◆ What is needed: Lines from the one containing "Galactic Empire Battleship" to the end of the records, both ends included and exactly as written, are the whole answer, and no pictures go in it.

*** Data ***

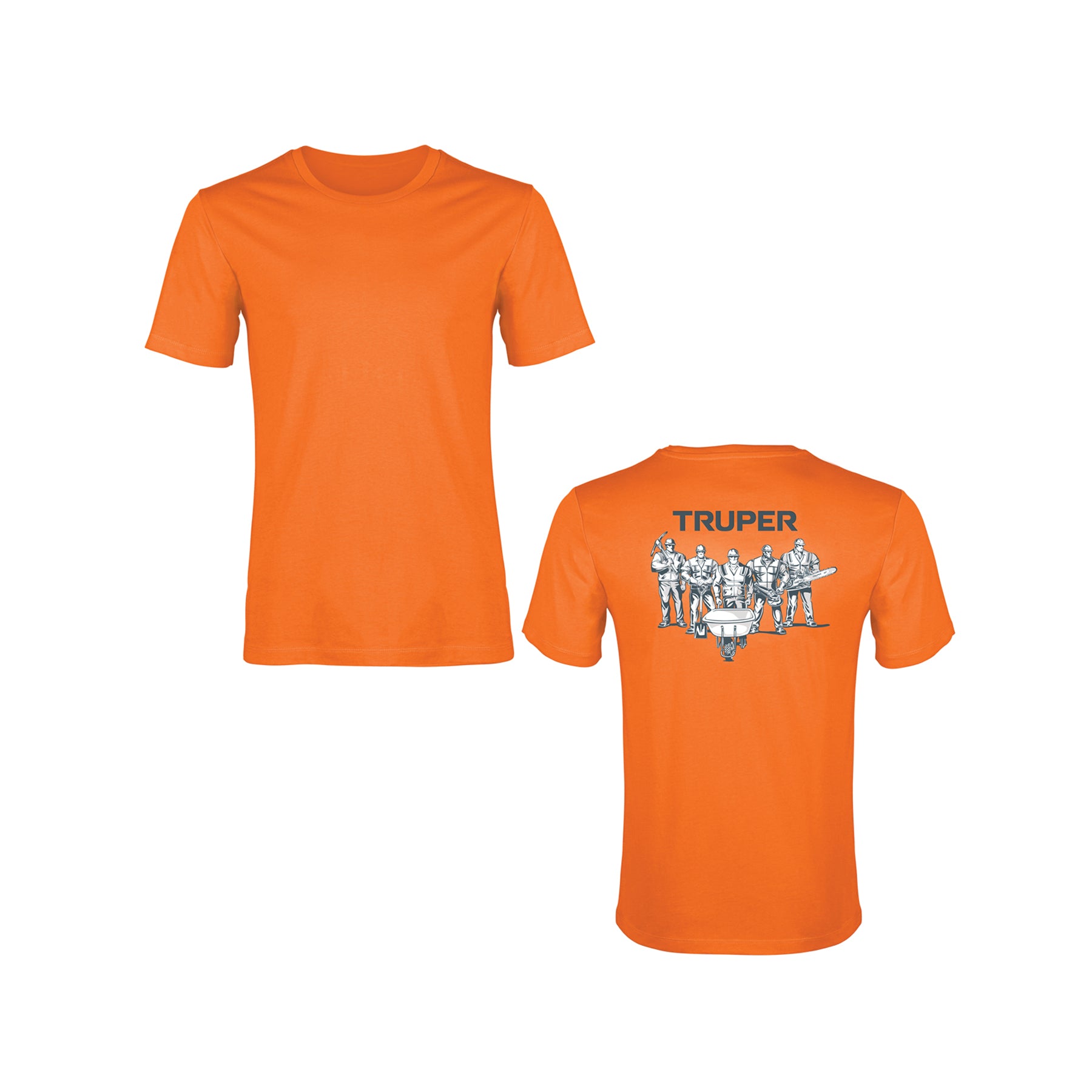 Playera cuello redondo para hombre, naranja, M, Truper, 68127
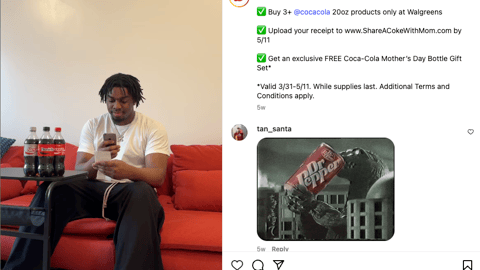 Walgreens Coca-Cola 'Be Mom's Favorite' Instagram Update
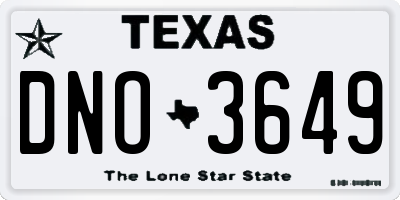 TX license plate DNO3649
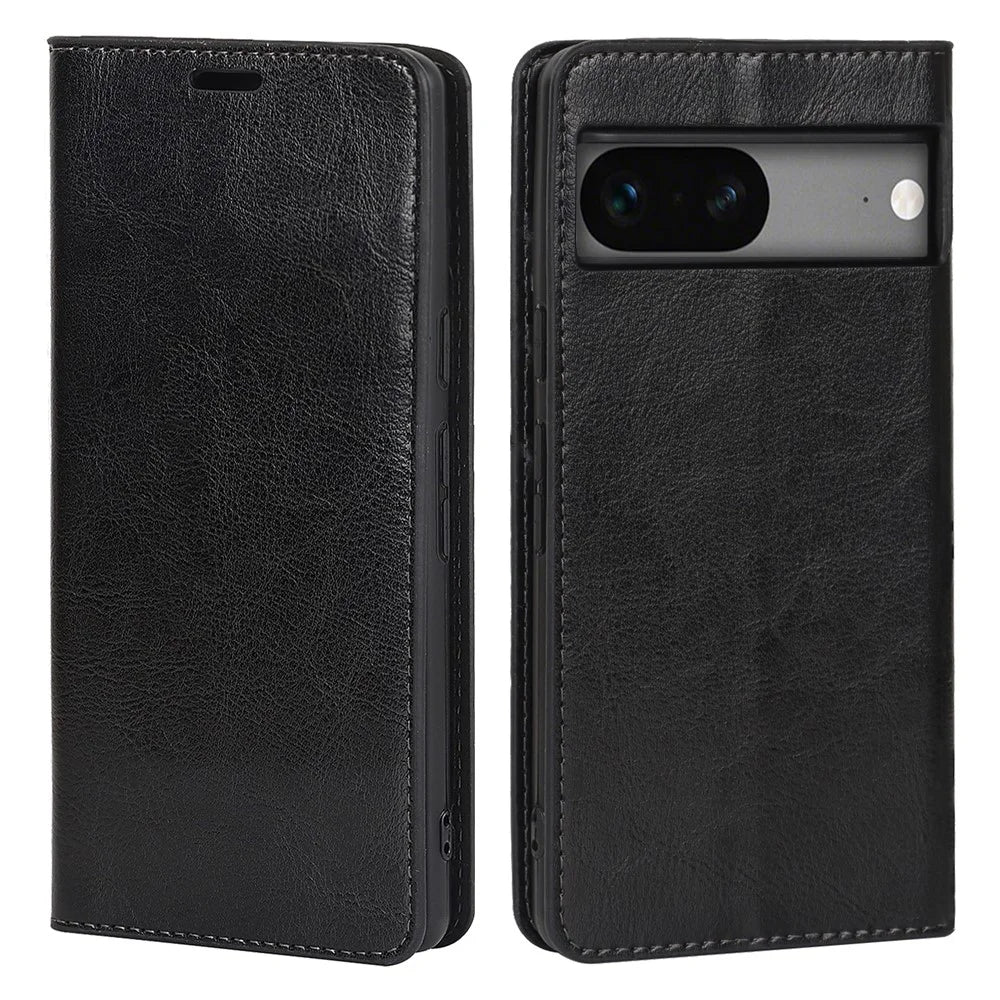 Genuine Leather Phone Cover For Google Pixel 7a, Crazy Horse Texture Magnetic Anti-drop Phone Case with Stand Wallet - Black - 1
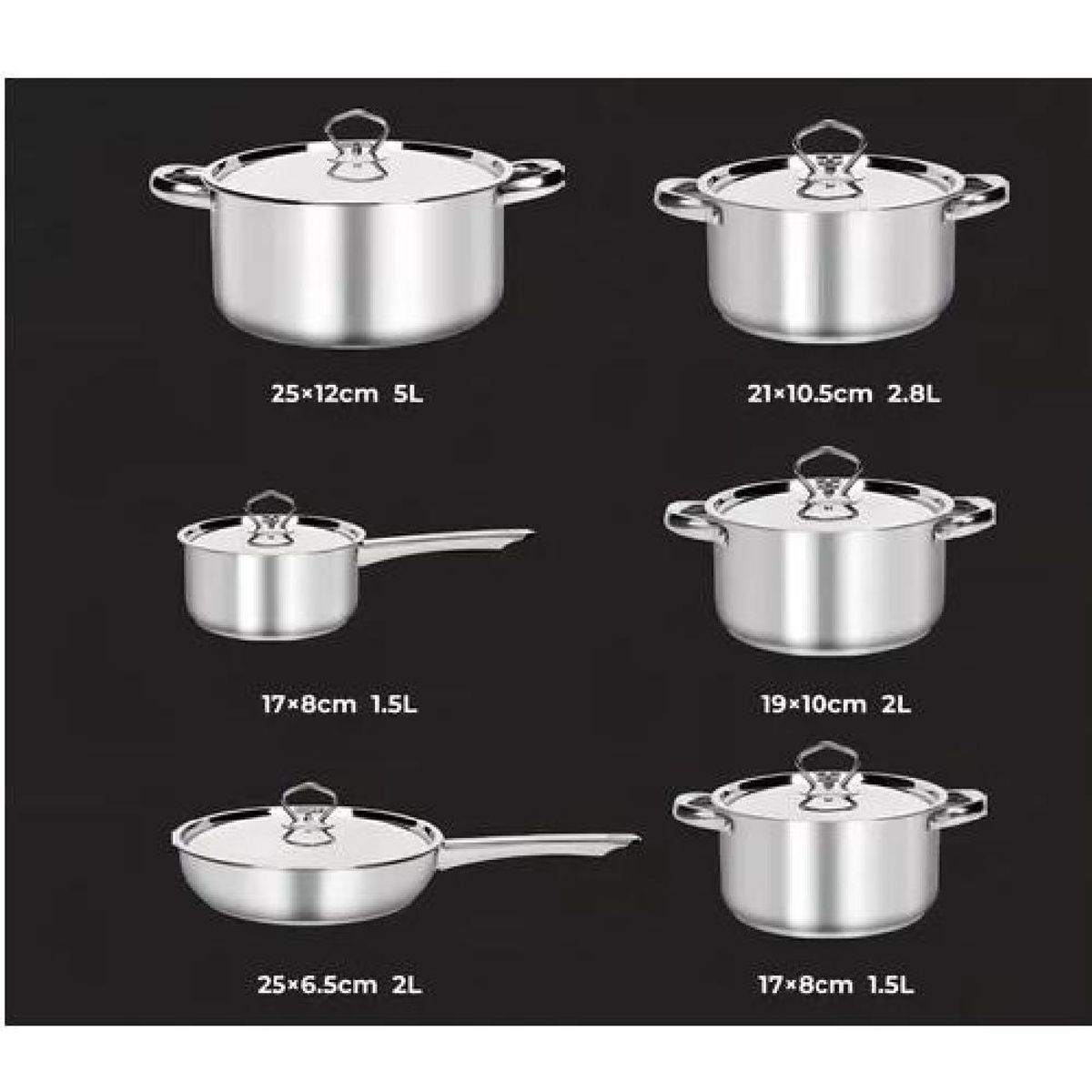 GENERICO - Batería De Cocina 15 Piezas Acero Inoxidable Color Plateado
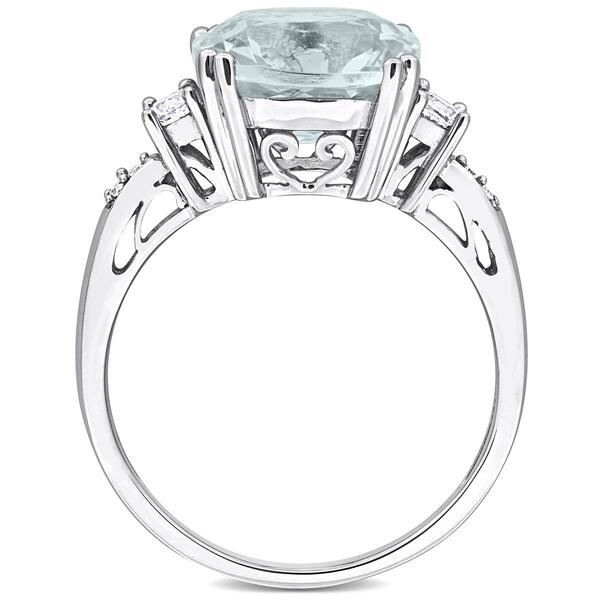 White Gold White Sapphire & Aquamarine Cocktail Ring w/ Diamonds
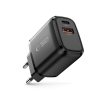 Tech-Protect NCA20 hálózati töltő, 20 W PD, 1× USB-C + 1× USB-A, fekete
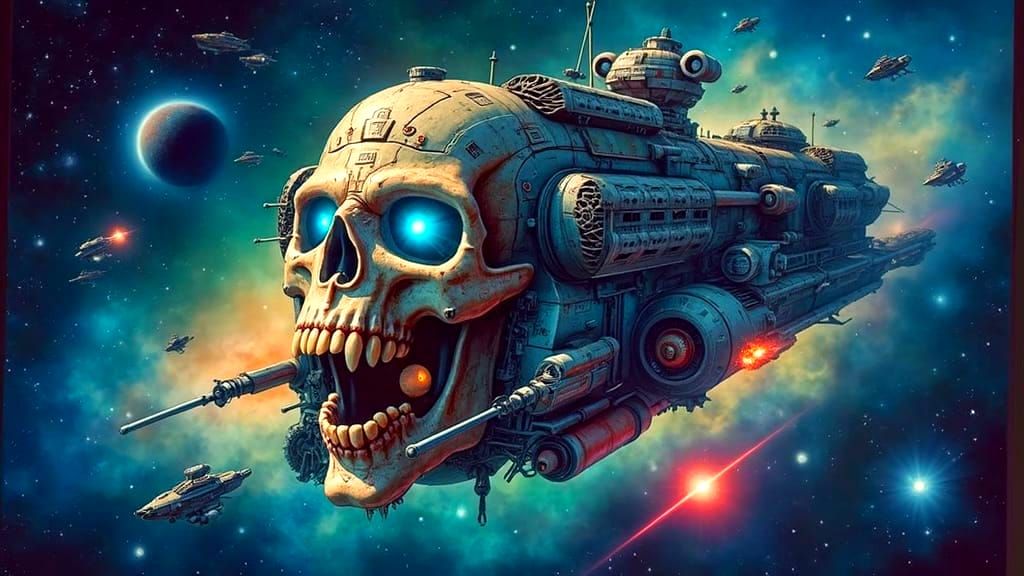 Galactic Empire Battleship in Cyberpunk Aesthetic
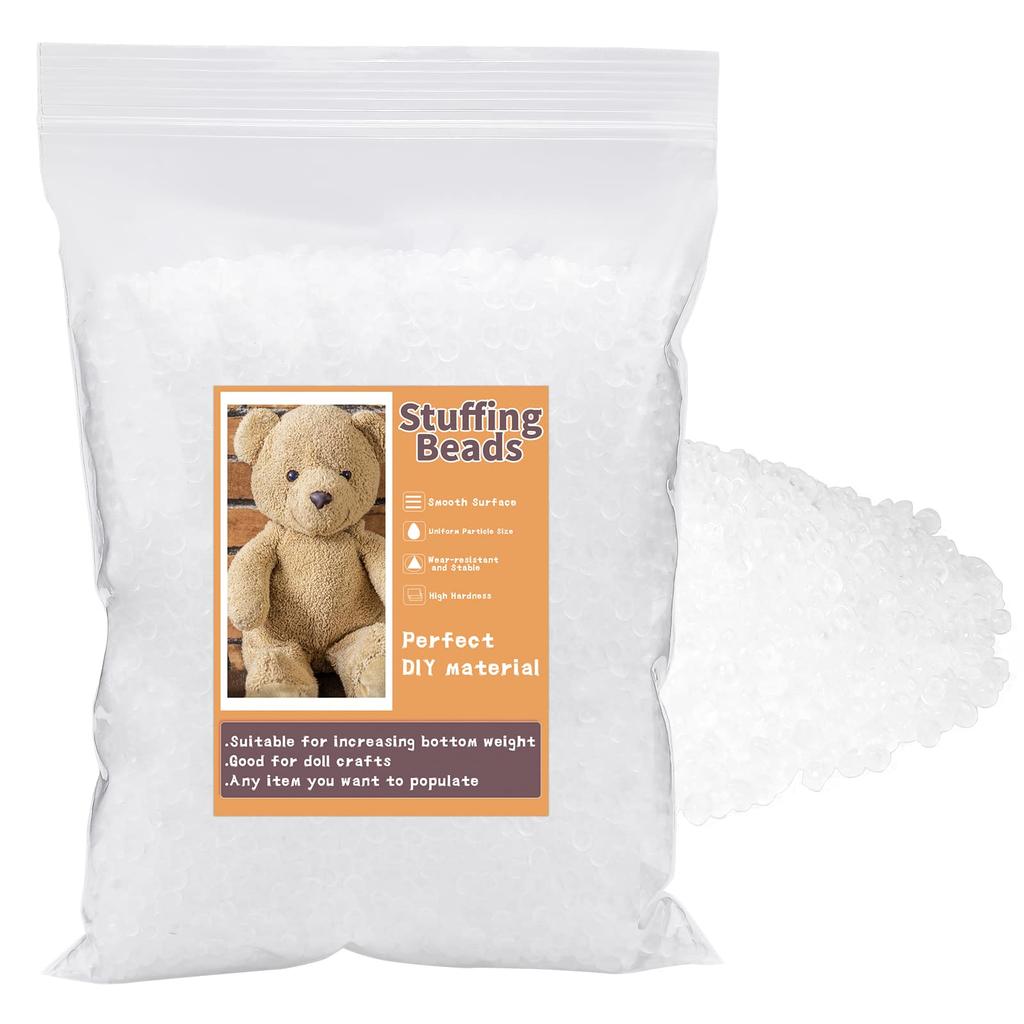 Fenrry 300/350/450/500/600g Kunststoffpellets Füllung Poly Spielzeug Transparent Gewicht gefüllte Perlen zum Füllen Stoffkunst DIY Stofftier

*** End of Data ***

◆ The answer:
 Galactic Empire Battleship in Cyberpunk Aesthetic
 Fenrry 300/350/450/500/600g Kunststoffpellets Füllung Poly Spielzeug Transparent Gewicht gefüllte Perlen zum Füllen Stoffkunst DIY Stofftier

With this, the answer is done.